INSTRUCTIONS FOR THE TASK:
Retype the data that follows line by line, exactly, and leave its pictures out.

PROVIDED MATERIAL:
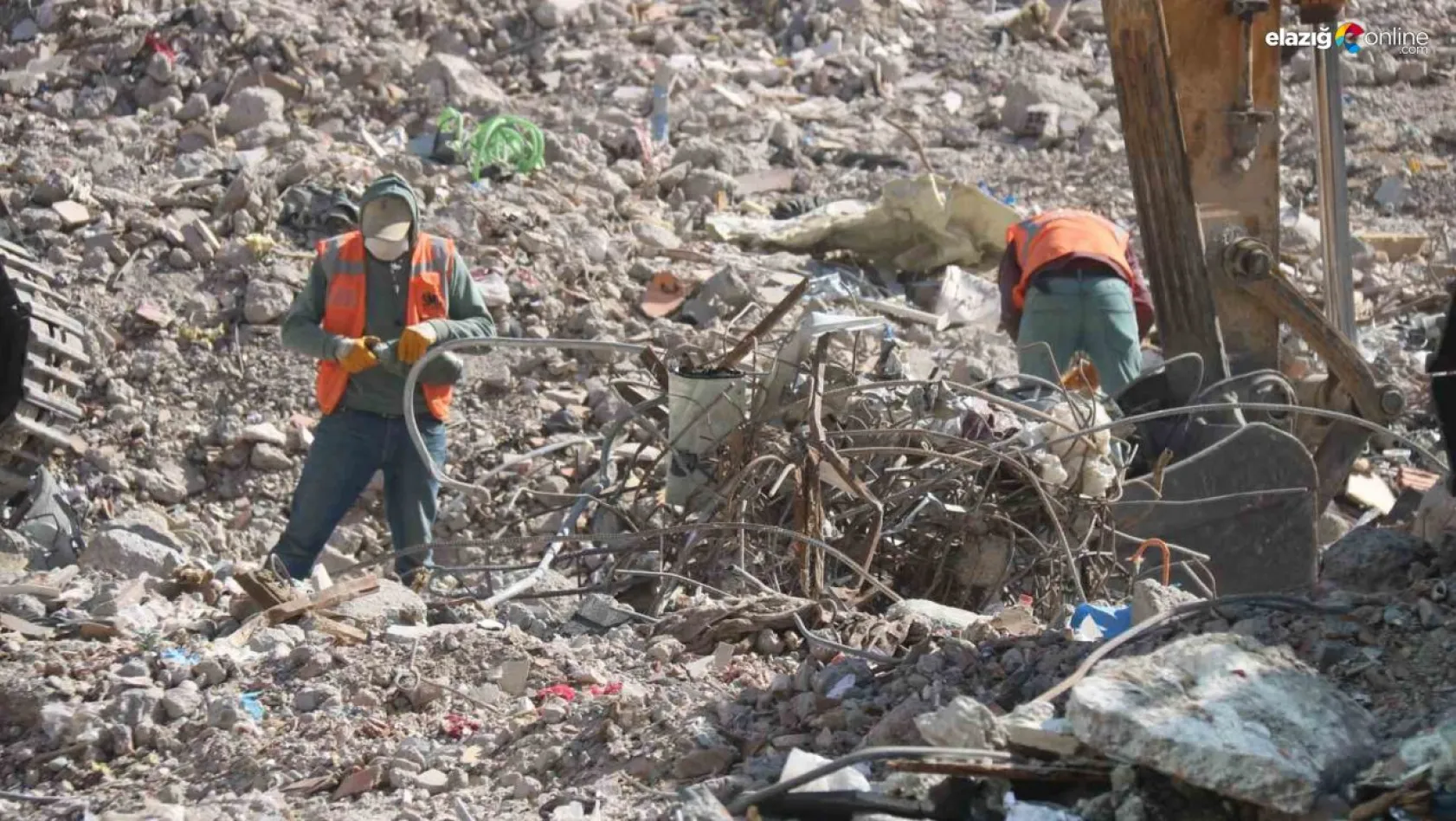 Depremden etkilenen Diyarbakır'da iki noktada enkaz kaldırma çalışmaları devam ediyor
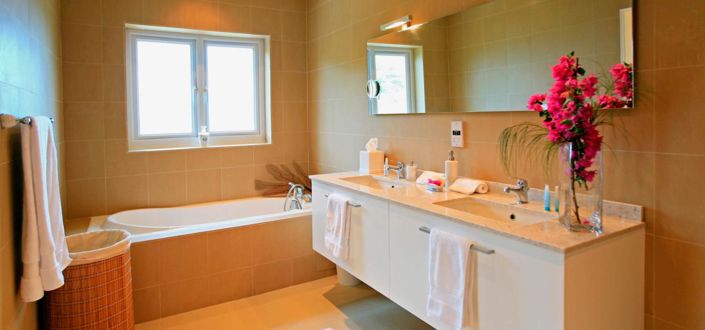 Image No.10-4 Bed Property for sale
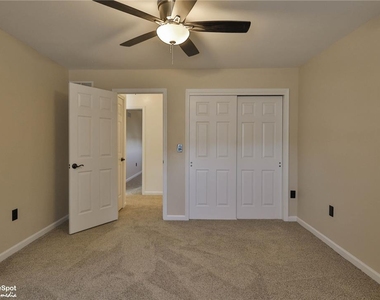 124 Stephanie Drive - Photo Thumbnail 25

REPLY:
 Depremden etkilenen Diyarbakır'da iki noktada enkaz kaldırma çalışmaları devam ediyor
 Image No.10-4 Bed Property for sale
 124 Stephanie Drive - Photo Thumbnail 25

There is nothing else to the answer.